BEGIN
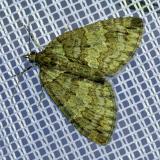 116436855Erlenhain-BlattspannerHydriomena_impluviata20250592NSGStadtwA-PS.jpg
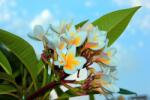  Tapéta Plumeria virágok, 400 x 250 cm
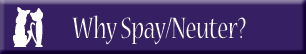 why spay/neuter?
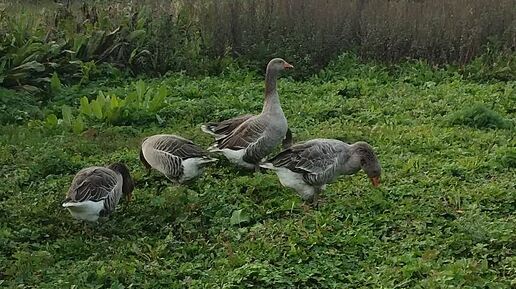 Отдаю последнее курочкам 🐔 Ещё много обо всём ☝ Мимо гусей 🪿 не прошëл.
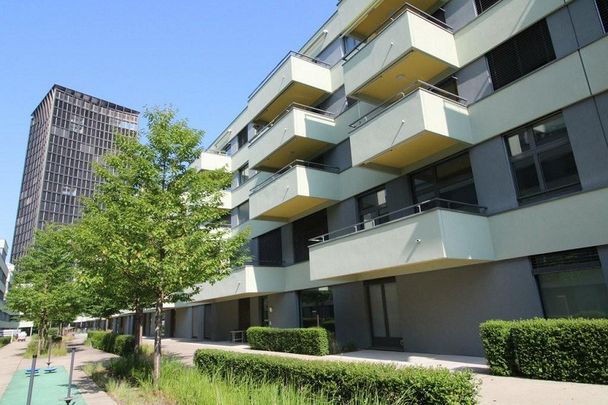 Moderne Wohnung mit Balkon und eigenem Waschturm - Foto 1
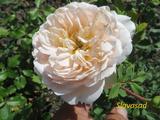  Crocus Rose (Крокус Роуз) (Мультифлора)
END
What you return should match the records above word for word, minus the pictures.

» TASK RESULT
 116436855Erlenhain-BlattspannerHydriomena_impluviata20250592NSGStadtwA-PS.jpg
  Tapéta Plumeria virágok, 400 x 250 cm
 why spay/neuter?
 Отдаю последнее курочкам 🐔 Ещё много обо всём ☝ Мимо гусей 🪿 не прошëл.
 Moderne Wohnung mit Balkon und eigenem Waschturm - Foto 1
  Crocus Rose (Крокус Роуз) (Мультифлора)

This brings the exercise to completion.